This example shows how to use ddesd to solve a system of two DDEs with a state-dependent delay. This system of DDEs was used as a test problem by Enright and Hayashi [1].

Click ddex3.mddex3.m or type edit ddex3.m in a command window to view the complete code for this example in an editor.

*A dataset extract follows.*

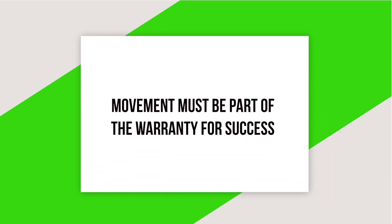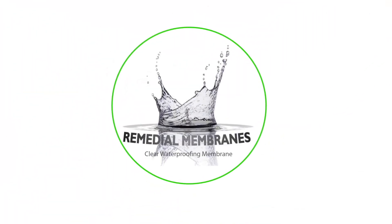From our experience, all showers will leak because of movement. Movement is the main contributing factor. It is impossible to repair a leaky wet area with a remedial application that will not work with future movement.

The equations for this system are:

$\begin{array}{l}{y}_{1}{}^{\prime }\left(t\right)={y}_{2}\left(t\right)\hfill \\ {y}_{2}{}^{\prime }\left(t\right)=-{y}_{2}\left({e}^{\left(1-{y}_{2}\left(t\right)\right)}\right)\cdot {y}_{2}{\left(t\right)}^{2}\cdot {e}^{\left(1-{y}_{2}\left(t\right)\right)}.\hfill \end{array}$

The analytical solution

$\begin{array}{l}{y}_{1}\left(t\right)=\mathrm{log}\left(t\right)\hfill \\ {y}_{2}\left(t\right)=1/t\hfill \end{array}$

is used as the history for t ≤ 0.1 and the equations are solved on [0.1, 5] with ddesd rather than dde23. The ddesd function is appropriate in this case because the first factor in the second equation has the form y2(d(y)) with a delay that depends on the second component of the solution.

1. Create a new program file in the editor. This file will contain a main function and three local functions.

2. Code the system of DDEs as a local function.

```function dydt = ddex3de(t,y,Z)
dydt = [y(2); -Z(2)*y(2)^2*exp(1 - y(2))];
end
```
3. Define the delay as a local function.

```function d = ddex3delay(t,y)
d = exp(1 - y(2));
end
```
4. Define the solution history as a local function.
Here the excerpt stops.